J. Bates McIntyre, who graduated last spring from the University of Illinois law school, makes her case in the article "Empowering Schools to Search: The Effect of Growing Drug and Violence Concerns on American Schools," published in a recent issue of the university's Law Review.

She clerks for a federal judge in Chicago.

In a phone interview from the Windy City Wednesday, McIntyre expressed sympathy for "the real concerns" that face school authorities, but she said, "There's not a fit between the solutions and the problem."

She wondered whether school districts, teachers and principals were more afraid of lawsuits than concerned about student safety.

In her article, McIntyre questions the rationale used by school administrators and state legislators for such measures as surveillance cameras, search dogs and limiting access to school property, even bathrooms. Despite well-publicized school shootings, students are correct in their perception that school violence is down, she wrote.

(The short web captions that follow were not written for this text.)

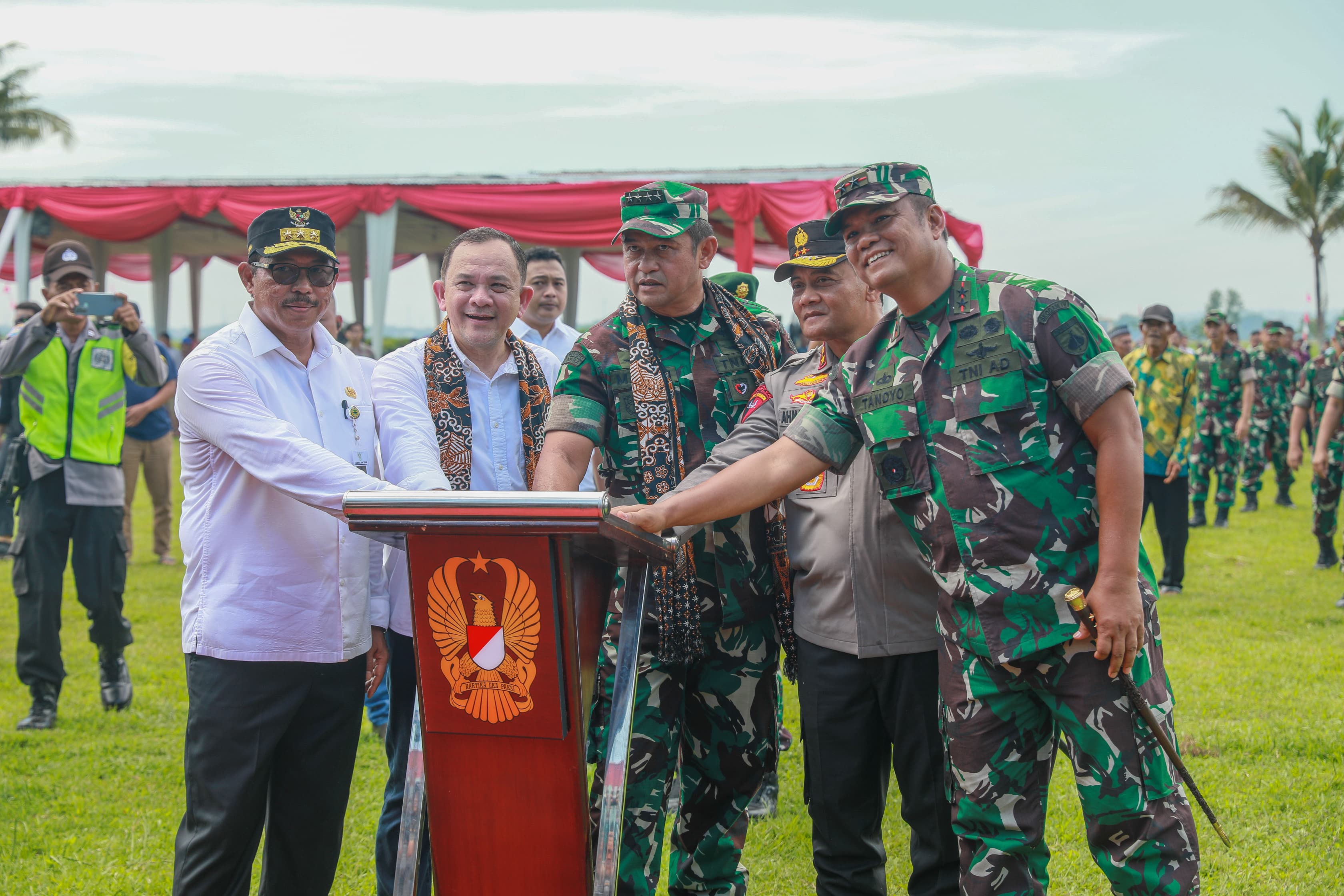 Pj Gubernur Jawa Tengah Nana Sudjana (kiri) saat menghadiri Peresmian Program Peningkatan Kesejahteraan Desa kerja sama Kostrad dan PT Astra Tbk di Lapangan Desa Tipar, Kecamatan Rawalo, Banyumas.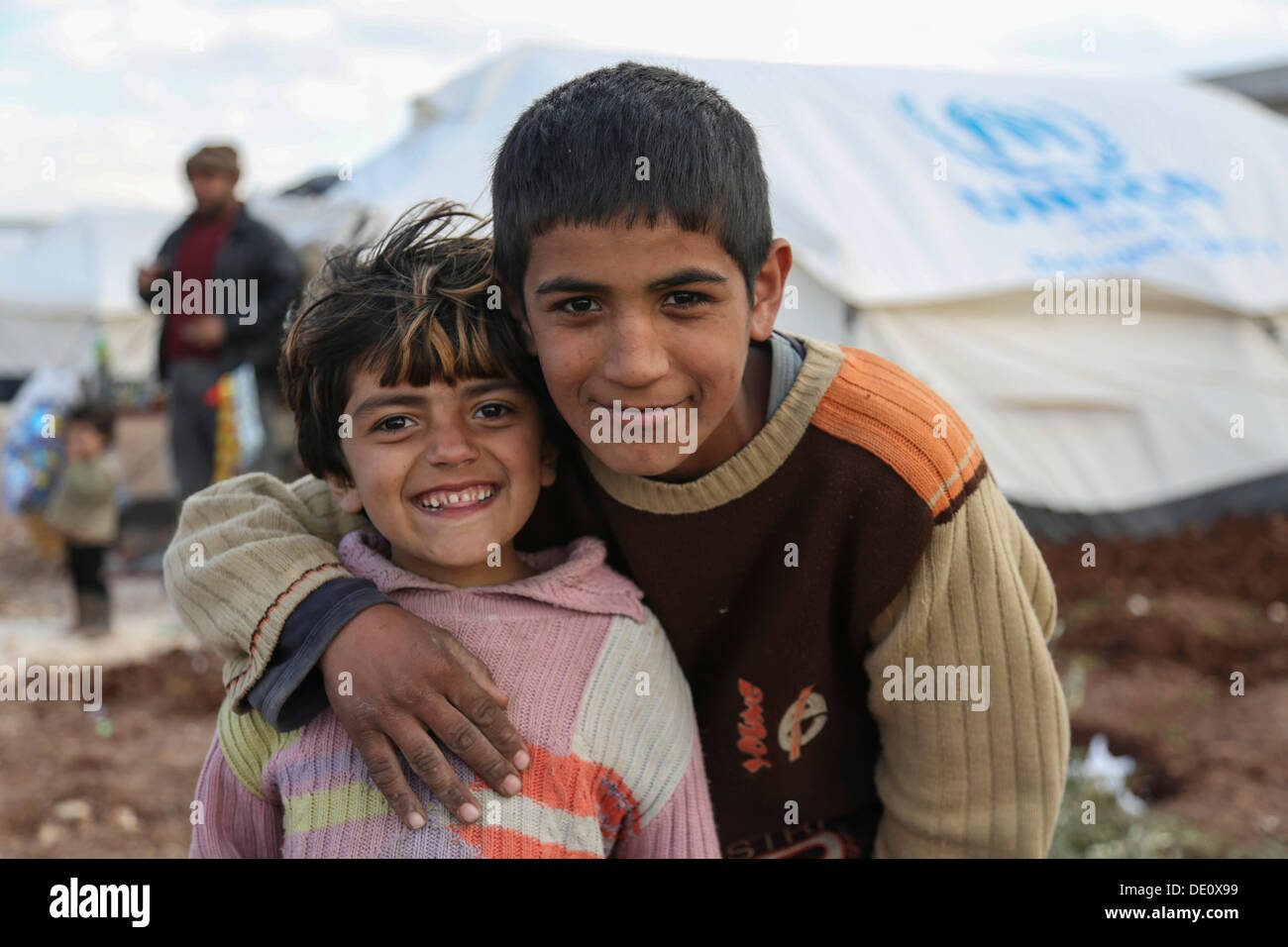 Un grupo de niños en un campamento para refugiados sirios de la guerra civil cerca de la frontera turca Foto de stock
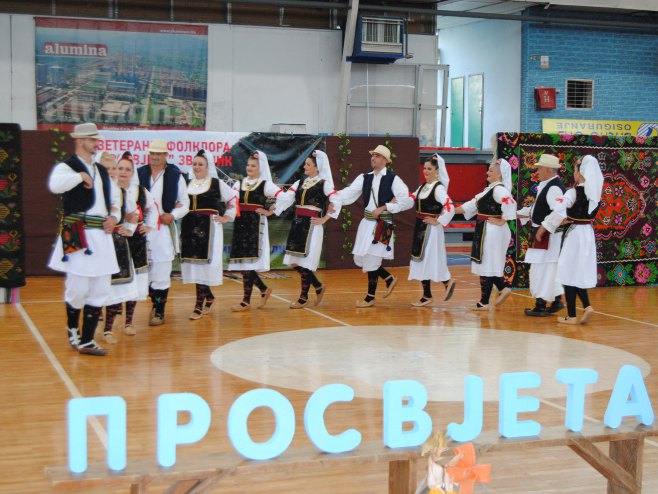 Peti susret folklornih ansambala u Zvorniku - Foto: SRNA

In fact, some school authorities, emboldened by state laws intended to "send a message," are applying drastic measures to threats they know do not exist. For example, after dogs were brought in to sniff students' lockers and parked automobiles in a Seattle-area high school, the principal admitted that the decision to conduct the search wasn't prompted by a drug problem.

"We have students who use and abuse drugs," he told the Seattle Times, "but we didn't base this program on any type of emergency."

McIntyre found this particularly troubling because courts have ruled in favor of schools' abridgement of students' privacy rights under the Fourth Amendment precisely because of administrators' claims of crisis conditions.

Judicial tolerance of school searches cannot be sustained if all students are seen as suspects regardless of their actions, she wrote.

"What message can students glean from searches when school administrators confess they are trying to scare students?" she asked. McIntyre argued that heavy-handed search policies backed by overbroad state laws foster student cynicism and distrust for authority.

Instead of fostering an environment more conducive to learning, such policies have a chilling effect on education, McIntyre wrote. She suggested that school administrators' time would better be spent maintaining educational programs that discourage drug use and violent behavior "rather than shadowboxing against problems that may not exist."